#### [To do]
Omit the pictures and copy the entries exactly.

╭─ Provided information

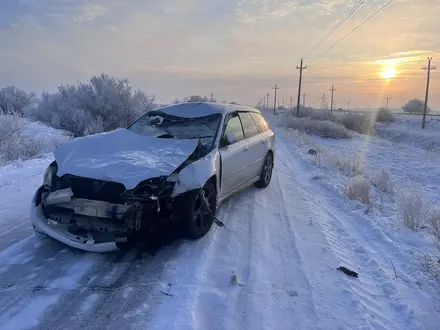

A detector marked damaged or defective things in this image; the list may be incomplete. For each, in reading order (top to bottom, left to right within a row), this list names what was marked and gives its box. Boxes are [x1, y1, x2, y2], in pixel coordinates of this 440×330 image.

crumpled hood [54, 128, 199, 188]
wrecked white car [30, 103, 276, 253]
shattered windshield [129, 110, 222, 149]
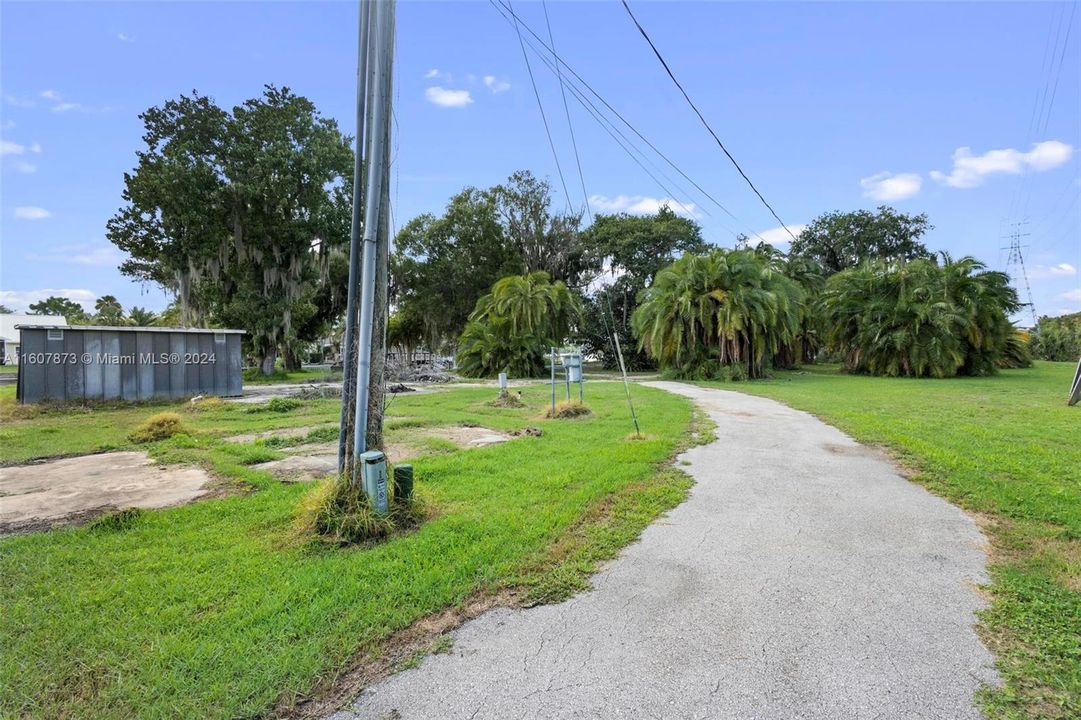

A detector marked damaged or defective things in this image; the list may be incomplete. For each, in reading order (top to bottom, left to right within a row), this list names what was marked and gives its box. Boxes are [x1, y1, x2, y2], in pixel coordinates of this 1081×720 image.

cracked pavement [326, 378, 994, 713]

╰─

#### [Final answer]
A detector marked damaged or defective things in this image; the list may be incomplete. For each, in reading order (top to bottom, left to right within a row), this list names what was marked and gives its box. Boxes are [x1, y1, x2, y2], in pixel coordinates of this 440×330 image.

crumpled hood [54, 128, 199, 188]
wrecked white car [30, 103, 276, 253]
shattered windshield [129, 110, 222, 149]

A detector marked damaged or defective things in this image; the list may be incomplete. For each, in reading order (top to bottom, left to right within a row), this list names what was marked and gives its box. Boxes are [x1, y1, x2, y2], in pixel coordinates of this 1081×720 image.

cracked pavement [326, 378, 994, 713]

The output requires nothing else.